Distribution of $$X$$ density function $$\mathbb{E}[X]$$ $$\mathbb{V}[X]$$ parameter bounds
Binomial$$(K, p)$$ $${K \choose x}p^x(1-p)^{K-x}$$ $$Kp$$ $$Kp(1 - p)$$ $$0 \leq p \leq 1$$
1. Assume the random variable $$X$$ follows the Normal distribution, $$X \sim \text{N}(\mu, \sigma^2)$$, with $$\mathbb{E}[X] = \mu$$ and $$\mathbb{V}[X] = \sigma^2$$.

1. Choose a value of the mean $$\mu$$ and standard deviation $$\sigma$$, and store them as variables. If you want to use the English language equivalents, use the variable names mu and sigma.

2. Using seq() to generate a sequence of 501 values from mu - 4 * sigma to mu + 4 * sigma named x.
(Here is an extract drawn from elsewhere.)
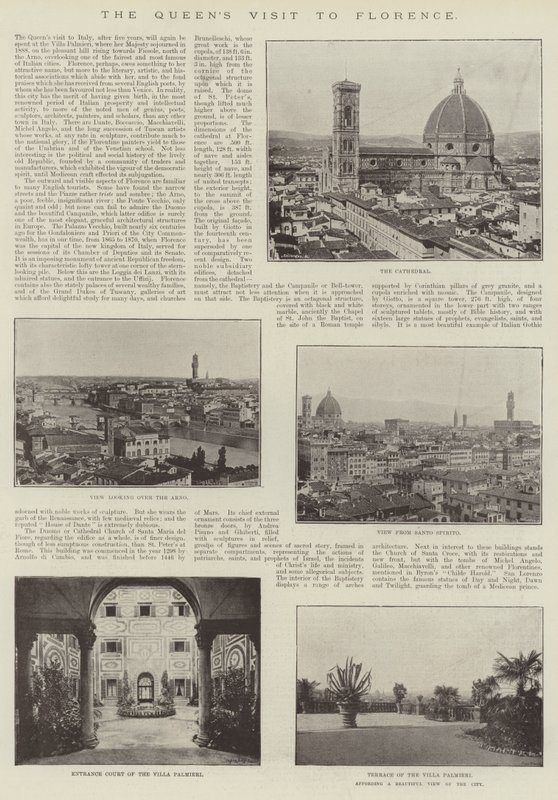 Wizyta królowej we Florencji (grafika) autorstwa English School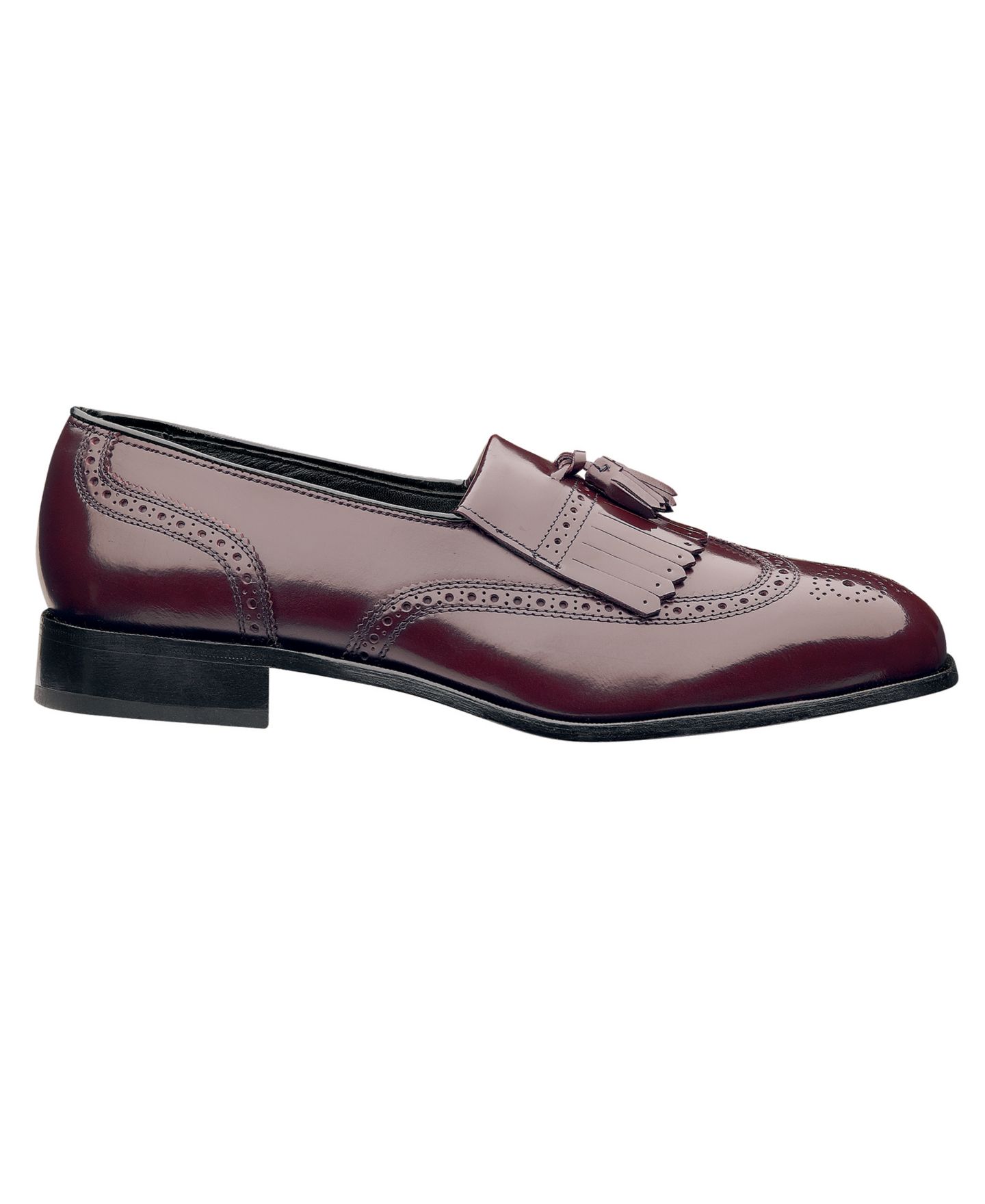 Мужские туфли Florsheim Lexington Kiltie Tasseled Wing-Tip Loafer, цвет: Чёрный — фото 2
The argument length.out allows you specify how long you want the vector x to be.

3. Put x into a dataframe, along with a column of the evaluation of the Normal distribution’s density function, dnorm(x, mean = mu, sd = sigma).

4. Make a plot of your Normal distribution’s density function using geom_line().

5. Randomly generate N = 1001 observations from your Normal distribution, using rnorm(...).

6. Estimate the following probabilities using your vector of observations,
1. $$\mathbb{P}[$$ mu - sigma $$< X <$$ mu + sigma $$]$$.
2. $$\mathbb{P}[$$ mu - 2*sigma $$< X <$$ mu + 2*sigma $$]$$.
3. $$\mathbb{P}[$$ mu - 3*sigma $$< X <$$ mu + 3*sigma$$]$$.
2. Choose parameters $$K, p$$ for a Binomial distribution to generate random data from. Let’s call this distribution $$F$$.

1. Generate N = 100 observations from $$F$$ and store them in a variable named x.

2. Calculate and store the sample mean of x, call it Ehat.

3. Wrap parts a., and b. in a for loop of length R = 1000. Don’t forget to pre-allcoate as necessary.

4. Put your collection of R sample means into a dataframe.

5. Make a density plot of your R sample means.

6. Use var() to calculate the sample variance of your R sample means, call it Vhat_Ehat.

7. Estimate the following probabilities using your vector of R sample means. I’m using the symbol $$K\hat{p}$$ to represent as a random variable (recall estimates are now random variables) your vector of sample means.

1. $$\mathbb{P}[$$ K*p - sqrt(Vhat_Ehat) $$< K\hat{p} <$$ K*p + sqrt(Vhat_Ehat) $$]$$.
2. $$\mathbb{P}[$$ K*p - 2*sqrt(Vhat_Ehat) $$< K\hat{p} <$$ K*p + 2*sqrt(Vhat_Ehat) $$]$$.
3. $$\mathbb{P}[$$ K*p - 3*sqrt(Vhat_Ehat) $$< K\hat{p} <$$ K*p + 3*sqrt(Vhat_Ehat) $$]$$.
8. Your answers from h. should be close to the calculations in 1.f.. Compare the numbers and decide how far off they are. Try increasing or decreasing R to see how close these probabilities are to the ones above.